• _EXERCISE BRIEF_
Leave out all pictures. Extract exactly the lines from the one containing "Dose Painting IMRT" through the end of the data.

• _TASK MATERIAL_

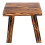 Stable Footstool Portable Shoe Changing Stool For Home Dorm 1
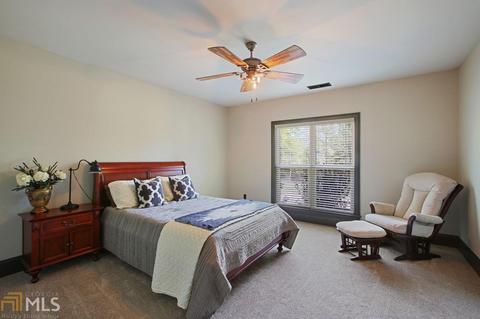 421 Walthall Rd, Jackson, GA 30233 photo 27
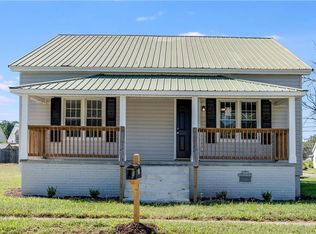 18 Elm St, Aragon, GA 30104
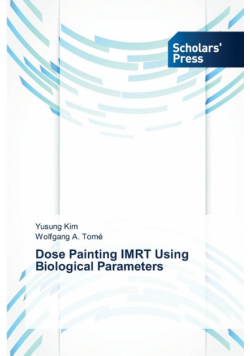 Dose Painting IMRT Using Biological Parameters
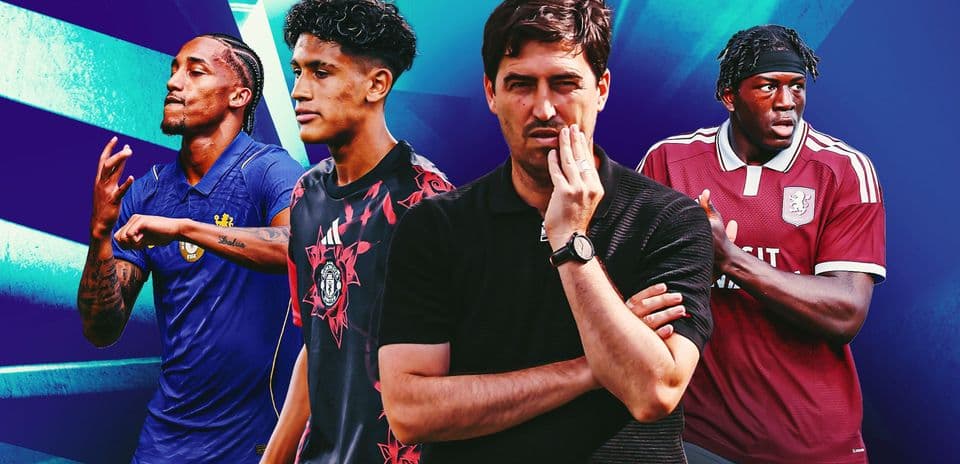 Premier League Pre-Season: Key Winners and Losers Ahead of 2026-27 Kickoff
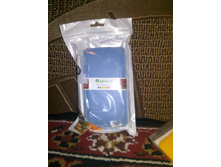 ����� ������ ��� HTC 300 100�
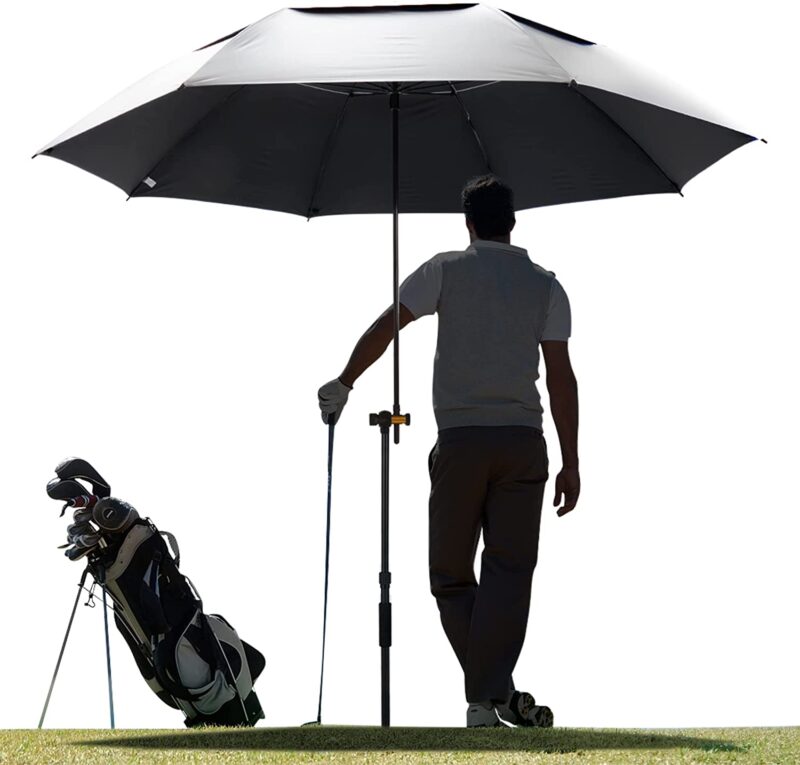 xl oversized umbrella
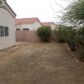 11311 West Mccaslin Rose Lane, Surprise, AZ 85374 ID:45285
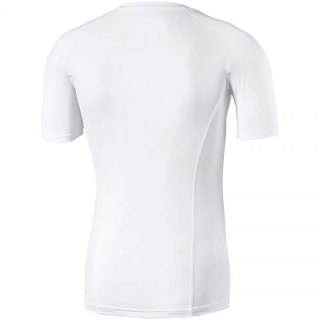 Koszulka Puma Liga Baselayer Tee SS M 655918 04 2 XL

• _EXPECTED ANSWER_
 Dose Painting IMRT Using Biological Parameters
 Premier League Pre-Season: Key Winners and Losers Ahead of 2026-27 Kickoff
 ����� ������ ��� HTC 300 100�
 xl oversized umbrella
 11311 West Mccaslin Rose Lane, Surprise, AZ 85374 ID:45285
 Koszulka Puma Liga Baselayer Tee SS M 655918 04 2 XL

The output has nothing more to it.